Ödön von Horvath (1901-1938) écrit « Casimir et Caroline » en 1931. L’Allemagne, qui compte alors six millions de chômeurs, est en pleine crise. Aussi le peuple se complaît-il dans des fêtes qui lui font oublier ses soucis. C’est dans ce contexte que s’ouvre la pièce. Nous sommes à Munich, lors de la fête d’Octobre. Caroline y a traîné son fiancé Casimir. Au chômage depuis la veille, celui-ci n’a guère le coeur de s’amuser. A peine arrivés, les amoureux se chamaillent. Caroline, comme la foule autour d’elle, est fascinée par le zeppelin qui passe au-dessus de leurs têtes, tandis que Casimir, lui, n’y voit « qu’esbrouffe » ! Malentendus, mauvaise foi : les jeunes gens ne vont se fuir et se chercher que pour finir par se séparer.

© Jean-Louis Fernandez

« Je t’aime, moi non plus »

Sur fond de drame social, il n’est donc question que d’amour dans la pièce de Horvath. La mise en scène de Demarcy-Mota semble avoir privilégié la sincérité chez Casimir plutôt que chez Caroline. Casimir (Thomas Durand), fragile, inquiet, pessimiste, passe son temps à guetter Caroline (Elodie Bouchez) ; s’il quitte la fête au bras d’Erna (Sarah Kabasnikoff), c’est plus par dépit que par passion (il n’accompagne d’ailleurs celle-ci qu’après s’être assuré qu’elle n’est pas tuberculeuse!). Il envisage même de se pendre quand Caroline annonce qu’elle le quitte vraiment. Elodie Bouchez campe une Caroline fofolle, un peu dure, un peu naïve aussi, et un brin mélancolique. Une Caroline qui ne vit que dans l’ici et le maintenant : l’ici d’une glace à déguster, le maintenant d’un tour en Grand Huit puis d’un autre dans la décapotable d’un nouveau et riche prétendant…Tourne manège, comme dans « La Ronde » (1900) de Schnitzler: d’abord dans les bras de Casimir, puis dans ceux de Rauch (Alain Libolt). Ensuite ? Casimir de nouveau ; et enfin Schürzinger : pourquoi pas ?

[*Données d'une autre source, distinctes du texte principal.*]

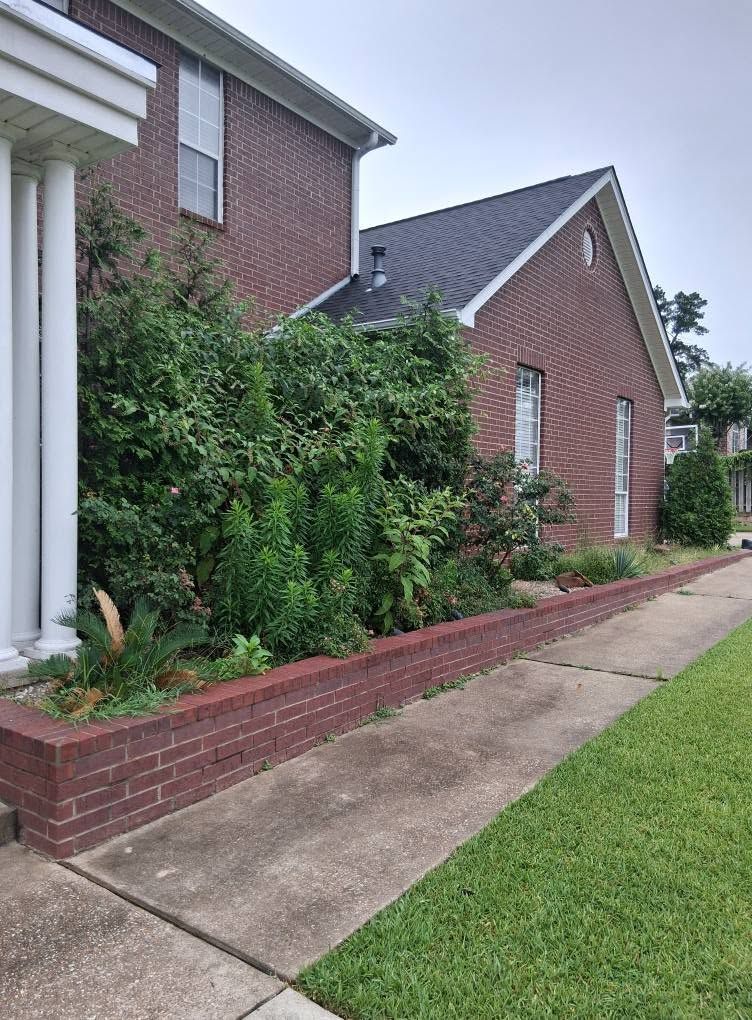 Brick house exterior with a brick planter, lush green shrubs, and a concrete sidewalk along the lawn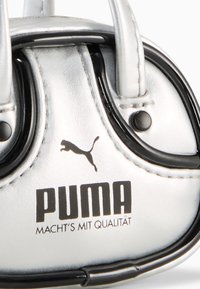 Borsa a tracolla in finta pelle argento con dettagli neri, forma piccola e rotonda, duali manici e logo Puma in evidenza con lettere nere.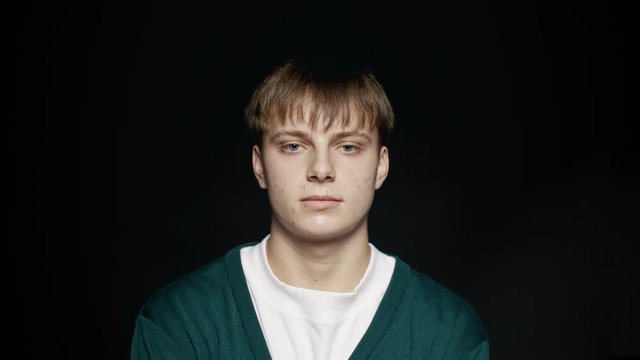 Close up of young man looking at camera against black background. Young man with short brown hair staring at camera.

« Emportés par la foule … »

© Jean-Louis Fernandez

Autour des deux protagonistes, dans un décor (un peu trop) expressionniste, tournoient des personnages hauts en couleurs mais noyés dans la foule ; parti-pris de mise en scène : le collectif prend le pas sur l’intime. Car Demarcy-Mota et François Régnault, qui, pour la circonstance, a retraduit la pièce, ont choisi d’insérer entre les scènes « des dialogues à multiples voix, adaptés d’autres oeuvres de Horvath … » ; ce qui a pour effet, et c’est dommage, de distraire l’attention : le spectateur ne sait plus très bien, par exemple, où, dans un groupe de fêtards, se trouve Franz (Gérald Maillet ), le « mauvais garçon », ami de Casimir ; quant à Erna, la compagne de ce dernier, elle se confond trop souvent avec les autres filles. …En revanche, le regard reste accroché à Schûrzinger, malgré la « médiocrité » du personnage, tant la performance de l’acteur (Hugues Quester) est remarquable.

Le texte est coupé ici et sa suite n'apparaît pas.